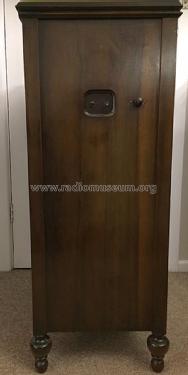 Duoforte Forty-Five Ch= C74/80; Power Unit=D22; Amalgamated Wireless (ID = 2396261) Radio
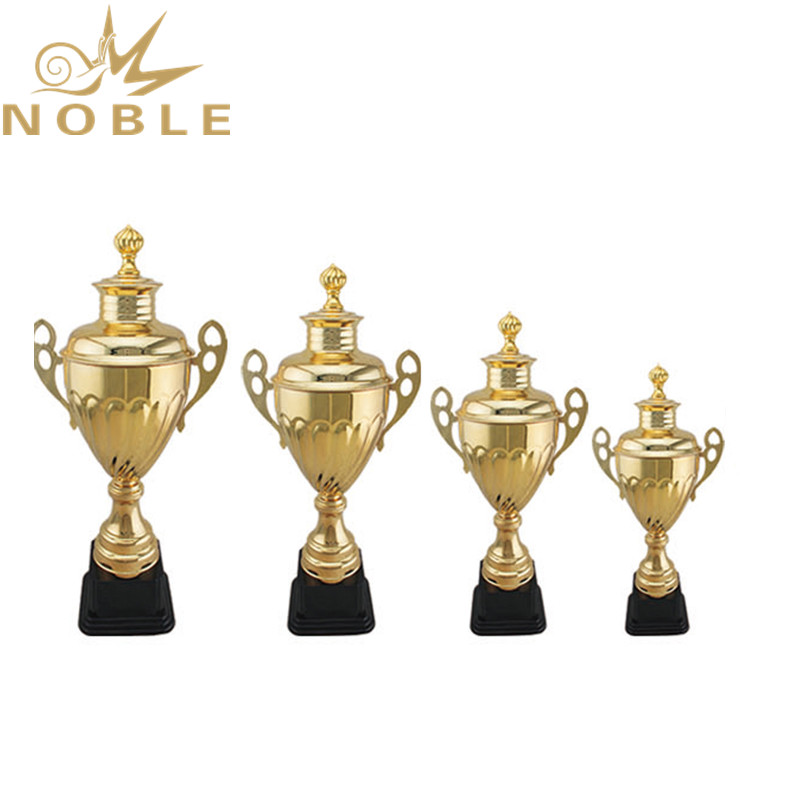 durable Cup trophies metal ODM For Sport games-1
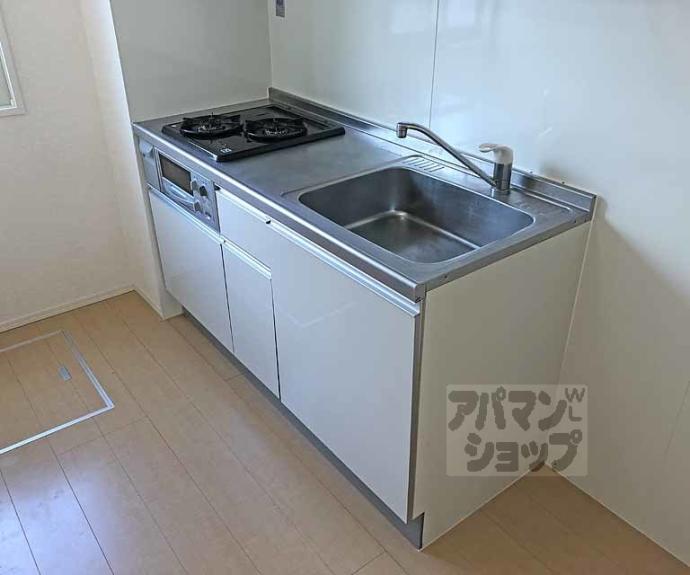 【ミュルサンヌ桜】間取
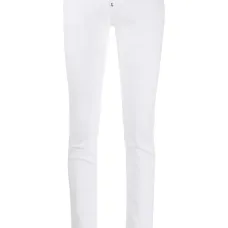 Джинсы скинни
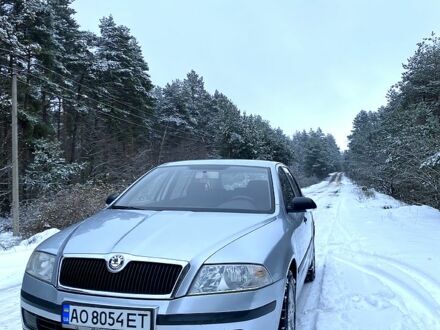 Шкода Октавія, об'ємом двигуна 1.6 л та пробігом 234 тис. км за 5600 $, фото 1 на Automoto.ua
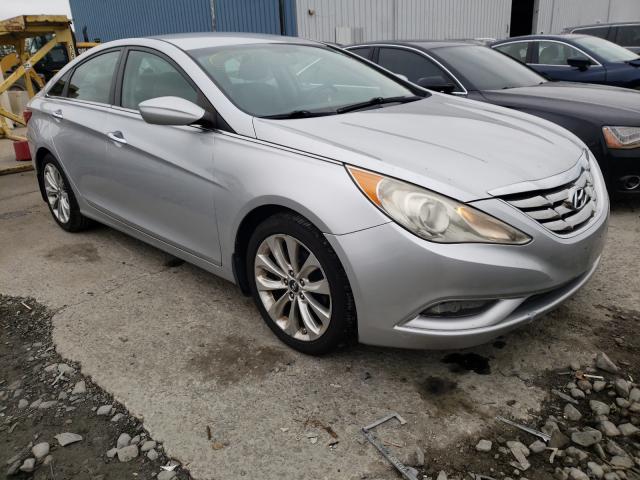 HYUNDAI SONATA SE 2013 5npec4ab2dh505454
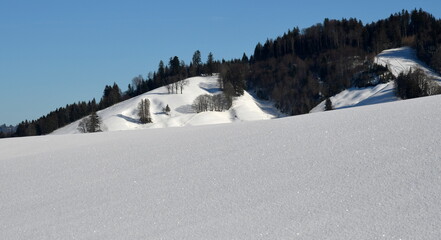 suisse...hiver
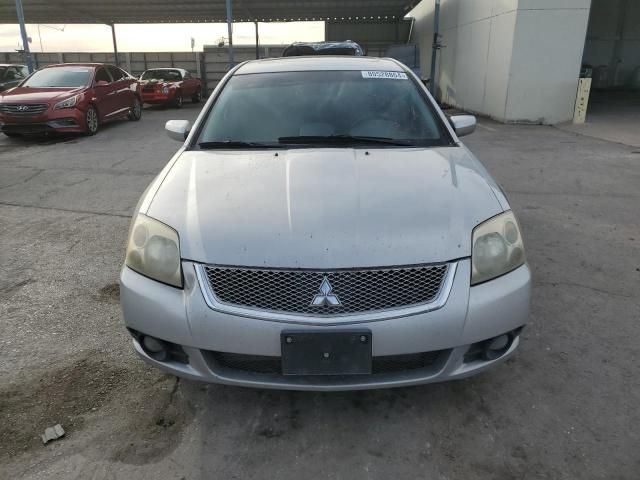 2012 Mitsubishi Galant ES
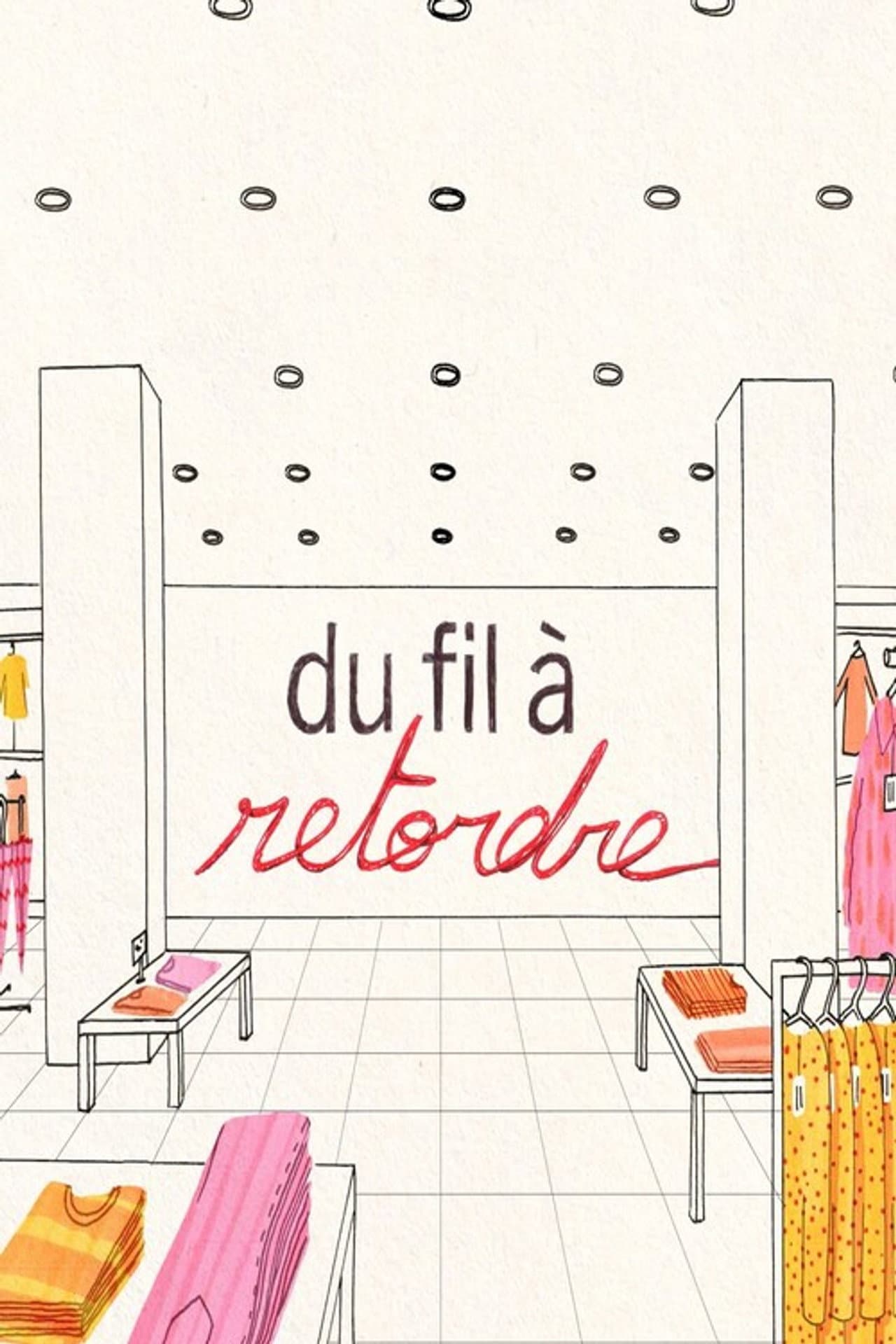 Du fil à retordre preview 1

************

_Aim of the exercise_
Exclude the pictures and reproduce every entry exactly.

_Answer below_
 Duoforte Forty-Five Ch= C74/80; Power Unit=D22; Amalgamated Wireless (ID = 2396261) Radio
 durable Cup trophies metal ODM For Sport games-1
 【ミュルサンヌ桜】間取
 Джинсы скинни
 Шкода Октавія, об'ємом двигуна 1.6 л та пробігом 234 тис. км за 5600 $, фото 1 на Automoto.ua
 HYUNDAI SONATA SE 2013 5npec4ab2dh505454
 suisse...hiver
 2012 Mitsubishi Galant ES
 Du fil à retordre preview 1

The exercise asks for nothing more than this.